*** Begin section ***
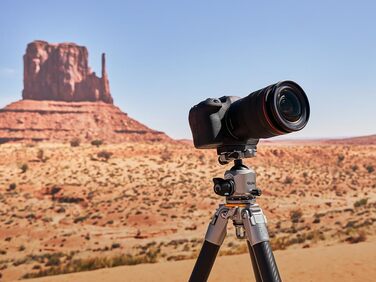 Професійний карбоновий штатив Rollei Lion Rock Pro з головкою, ультралегкий, вантажопідйомність 20 кг, висота до 147,5 см, компактний, змінні шипи для стабільності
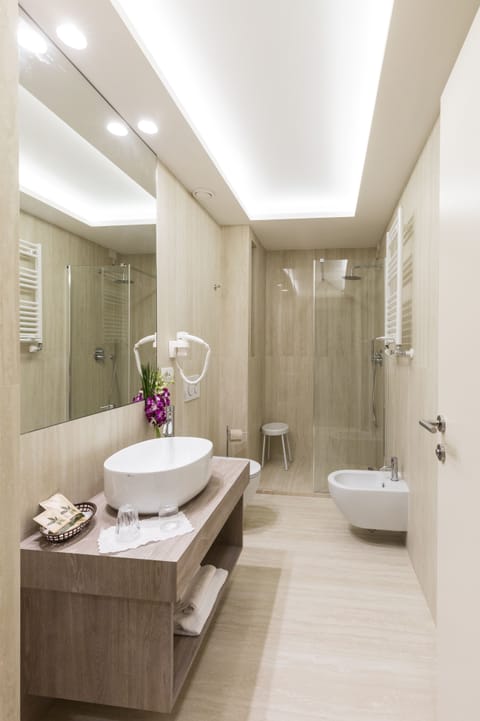 Superior Double Room (Grand Tour Eleganza Vista Parco) | Bathroom | Shower, rainfall showerhead, free toiletries, hair dryer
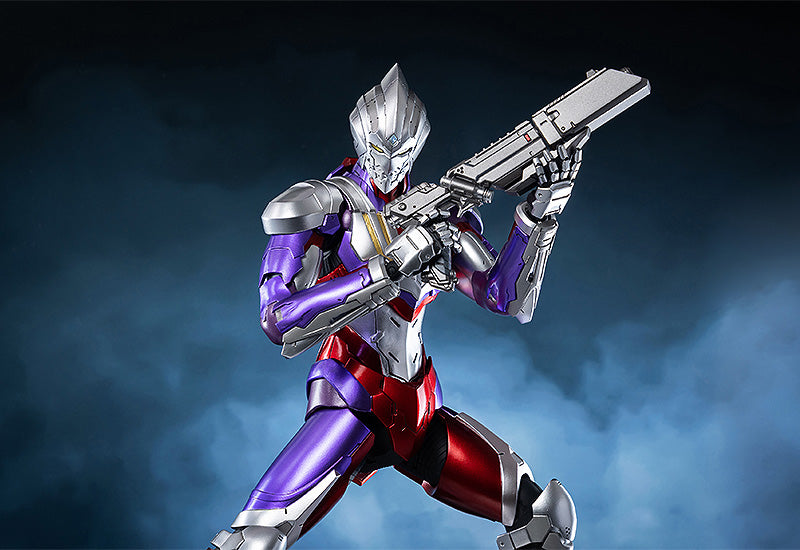 FigZero Ultraman Tiga Suit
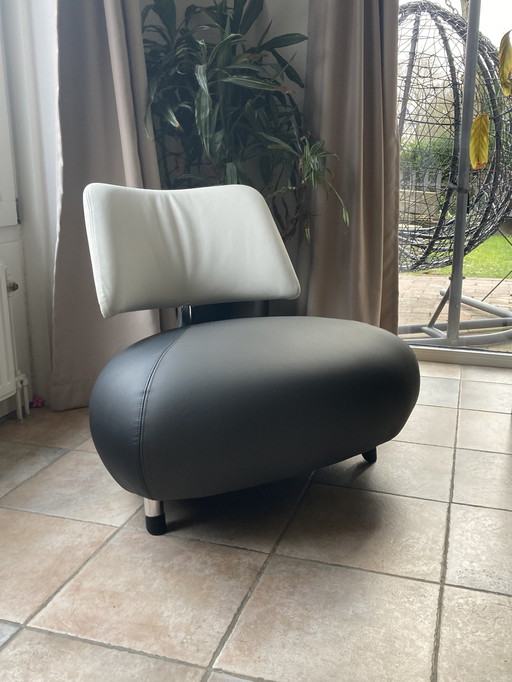 2x Leolux pallone stoelen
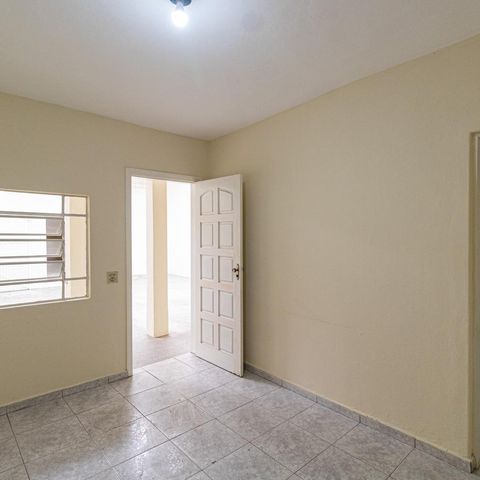 Casa para alugar com 140m², 1 quarto e sem vaga Casa para alugar com 140m², 1 quarto e sem vagaSala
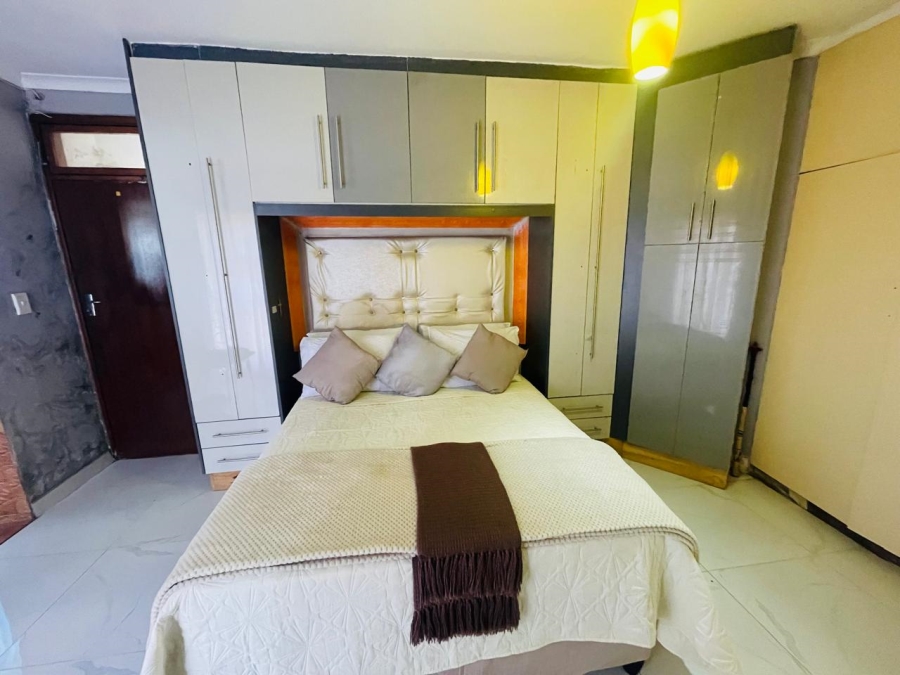 4 Bedroom Property for Sale in Isipingo Hills KwaZulu-Natal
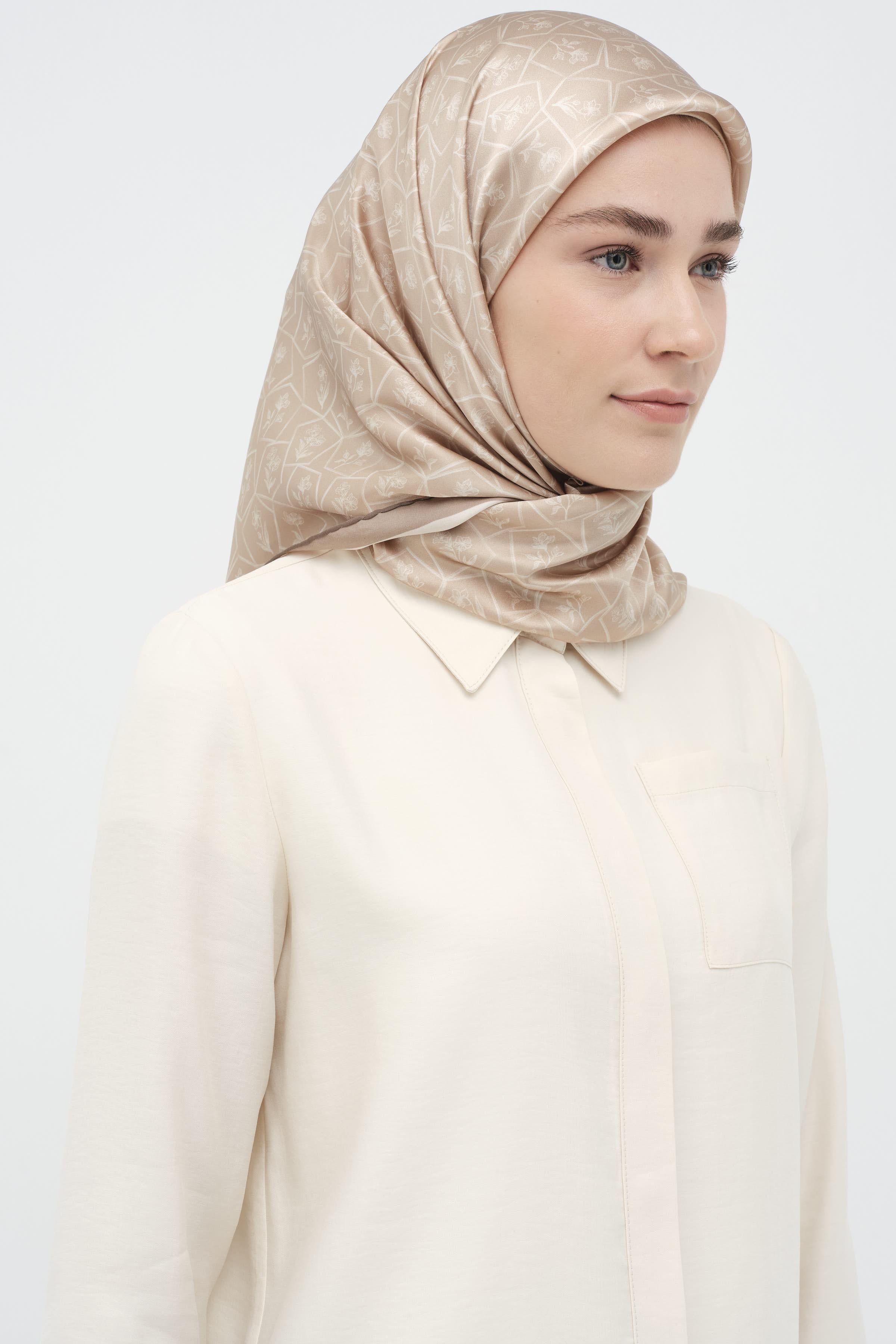 Çerçeveli Sura İpek Eşarp - Açık Kahve TUGBA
*** End section ***
Task to carry out: Copy nothing but the lines from the line that contains "Casa para alugar com 140m², 1 quarto e sem vaga Casa" through the end of the listing, exactly, and keep pictures out of it.

Expected answer:
 Casa para alugar com 140m², 1 quarto e sem vaga Casa para alugar com 140m², 1 quarto e sem vagaSala
 4 Bedroom Property for Sale in Isipingo Hills KwaZulu-Natal
 Çerçeveli Sura İpek Eşarp - Açık Kahve TUGBA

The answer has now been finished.